3.5 Tutorial#

In this tutorial we will look at various figures created from the Seaborn datasets. Your task will be to improve them.

Tips:

  1. Familiarise yourself with the underlying data

  2. Are the figures using the right type of plot?

  3. Check the axes, labels and titles

  4. Are the colours and markers appropriate?

Learning goals#

  • Understand how to use pandas to load and analyse data

  • Learn how to use matplotlib and seaborn to create figures

Relevant Python modules#

You will need to install the following Python modules:

matplotlib
pandas
seaborn
import matplotlib.pyplot as plt
import pandas as pd
import seaborn as sns

Exercise 1#

Let’s look at the iris dataset and see how it is formatted

iris_df = sns.load_dataset("iris")
iris_df.head()
sepal_length sepal_width petal_length petal_width species
0 5.1 3.5 1.4 0.2 setosa
1 4.9 3.0 1.4 0.2 setosa
2 4.7 3.2 1.3 0.2 setosa
3 4.6 3.1 1.5 0.2 setosa
4 5.0 3.6 1.4 0.2 setosa

We’ll look at the relationship between the sepal_length and sepal_width of the iris dataset.
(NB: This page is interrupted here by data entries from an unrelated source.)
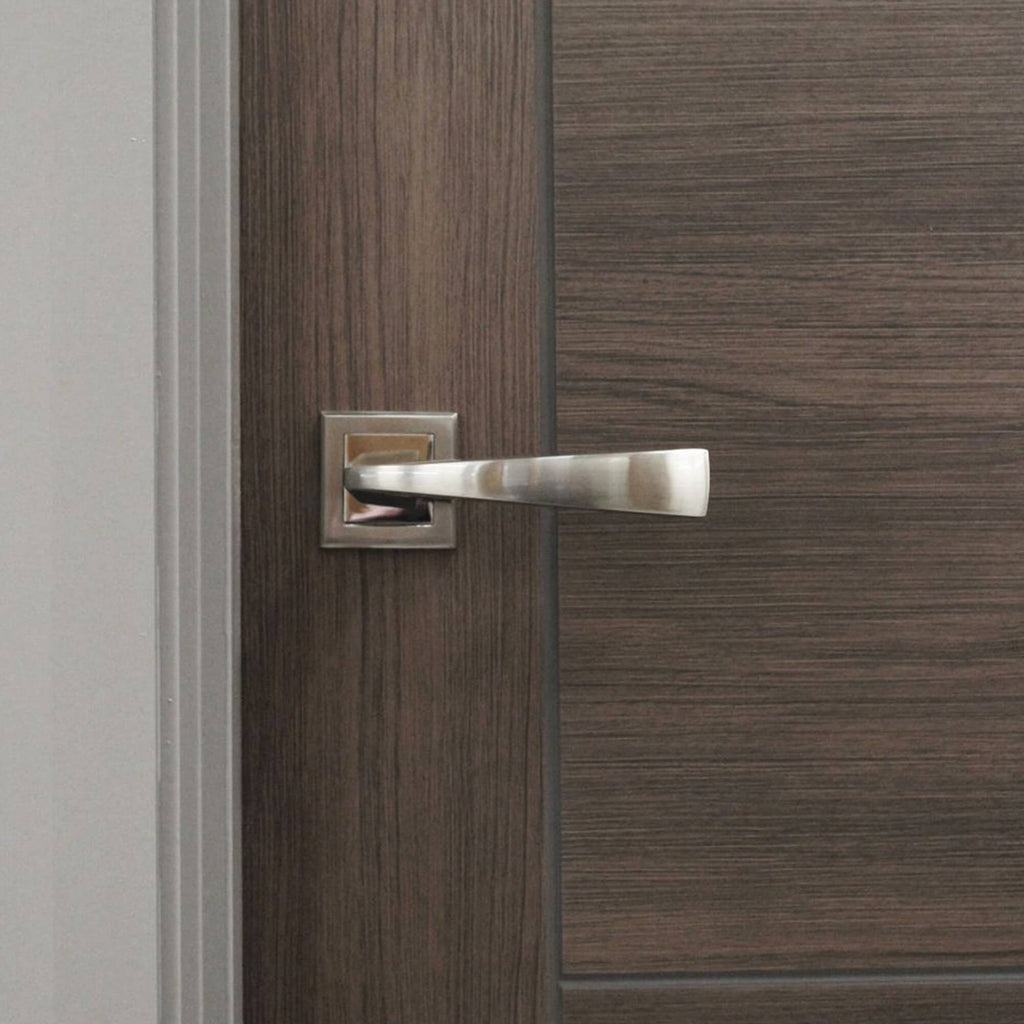Close-up of a Vancouver Walnut 40mm Laminate Door, with an Arcus handle.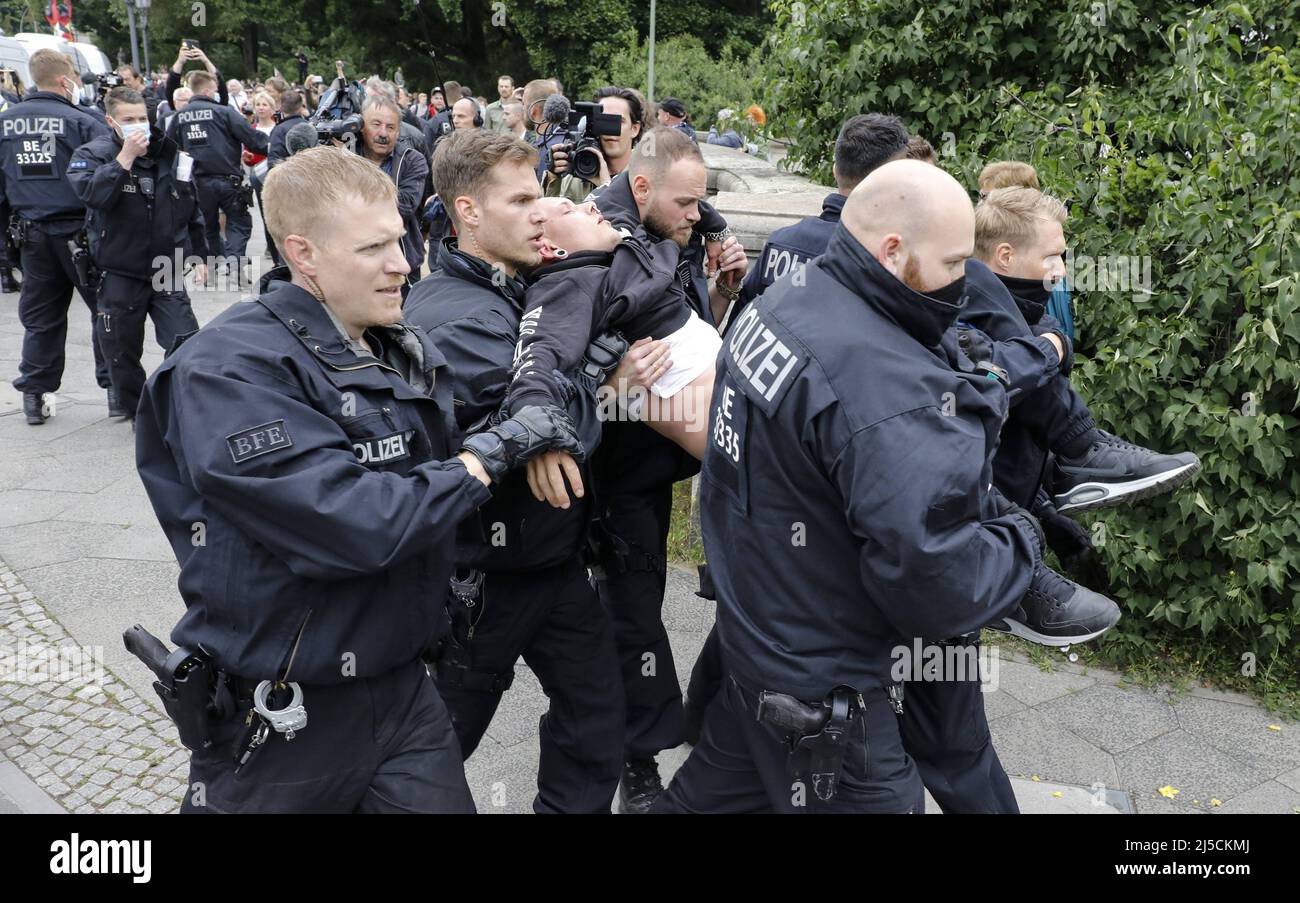 'A man is arrested by the police during an extreme right-wing Anti Corona Beschraenkungs Demo. The demonstration of the right-wing extremists was registered under the motto ''Homeland and World Peace''. [automated translation]' Stock Photo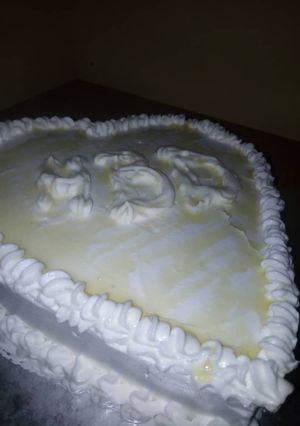 A picture of Vanilla Cake iced with whipped cream.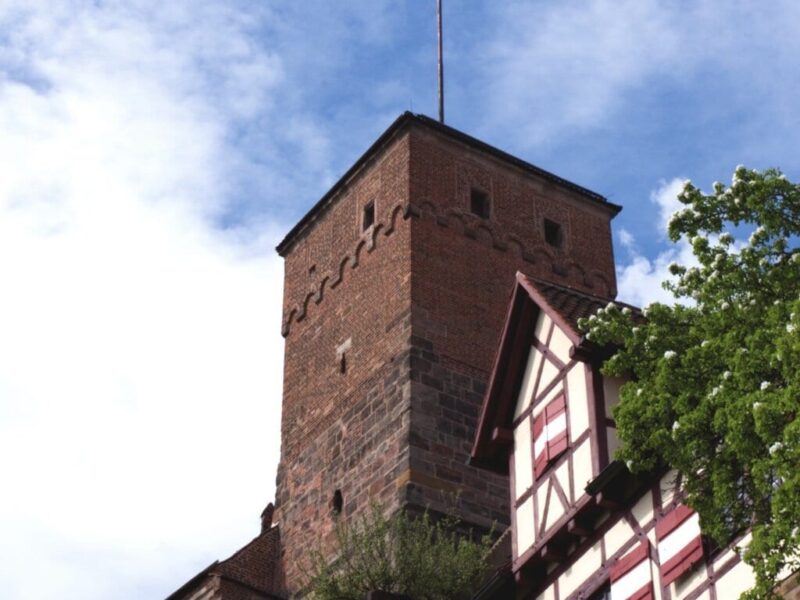 Uitzicht op de historische toren van de Kaiserburg in Neurenberg, met vakwerkhuizen en een wapperende rood-witte vlag onder een blauwe hemel. Een sfeervol hoogtepunt voor activiteiten in Neurenberg tijdens een weekendje weg.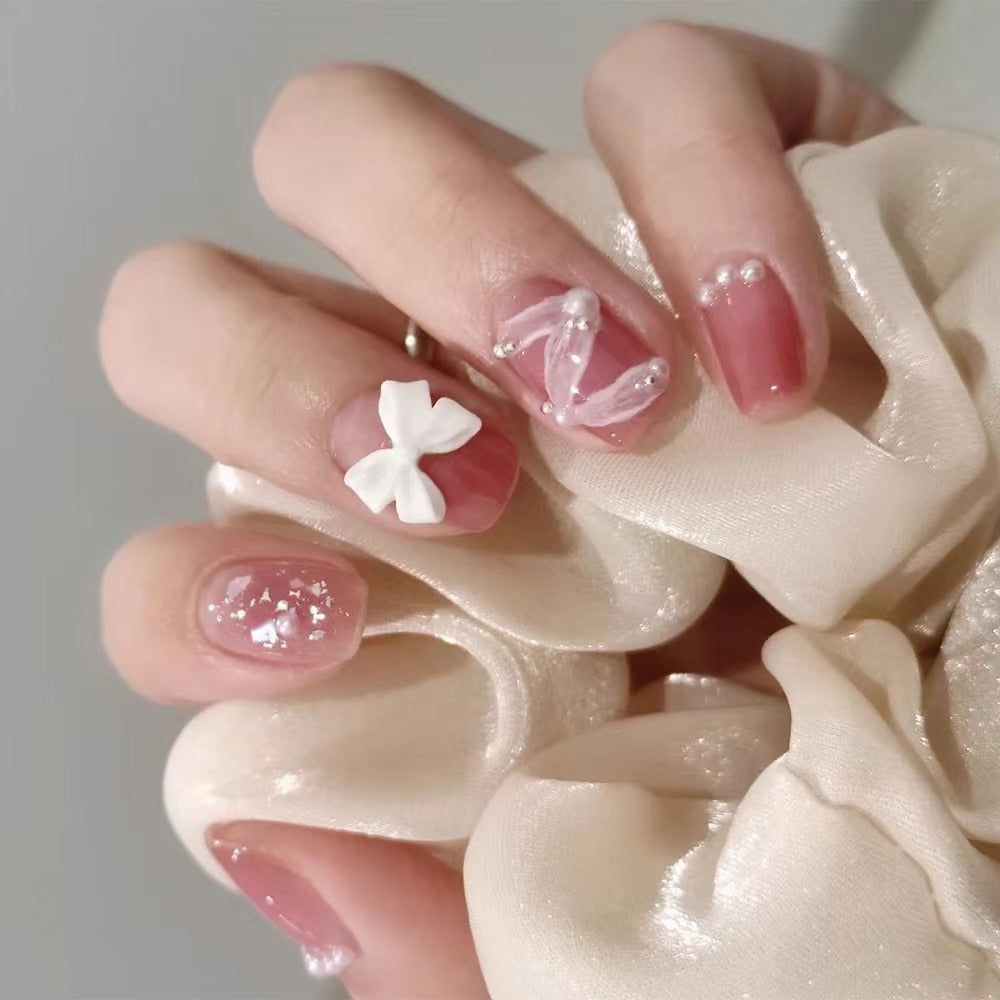 Glamorous nail art with pearl and bow accents Kalsten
What are some ways we can improve this plot?

sns.scatterplot(x="petal_length", y="petal_width", data=iris_df, size="species", hue="species", style="species")
plt.show()
../../_images/tutorial_5_0.png
ax = sns.scatterplot(x="petal_length", y="petal_width", data=iris_df, hue="species")
plt.xlabel('Petal length (cm)')
plt.ylabel('Petal width (cm)')
plt.title('Petal length versus width for different iris species')
plt.show()
../../_images/tutorial_7_0.png

Exercise 2#

Let’s look at the penguins dataset. The dataset records 344 penguins from different species.

penguins_df = sns.load_dataset("penguins")
penguins_df.head()
species island bill_length_mm bill_depth_mm flipper_length_mm body_mass_g sex
0 Adelie Torgersen 39.1 18.7 181.0 3750.0 Male
1 Adelie Torgersen 39.5 17.4 186.0 3800.0 Female
2 Adelie Torgersen 40.3 18.0 195.0 3250.0 Female
3 Adelie Torgersen NaN NaN NaN NaN NaN
4 Adelie Torgersen 36.7 19.3 193.0 3450.0 Female

We’ll compare bill length for each penguin species. What are some ways we can improve this plot?

sns.histplot(data=penguins_df, x="bill_length_mm", hue="species")
plt.show()
../../_images/tutorial_11_0.png
sns.boxplot(data=penguins_df, x="species", y="bill_length_mm")
plt.ylabel("Bill length (mm)")
plt.xlabel("Species")
plt.title("Penguin bill length by species")
plt.show()
../../_images/tutorial_13_0.png

Exercise 3#

Let’s look at the flights dataset.

flights_df = sns.load_dataset("flights")
flights_df.head()
year month passengers
0 1949 Jan 112
1 1949 Feb 118
2 1949 Mar 132
3 1949 Apr 129
4 1949 May 121

We’ll analyse flight passenger number by time. How can we improve this plot?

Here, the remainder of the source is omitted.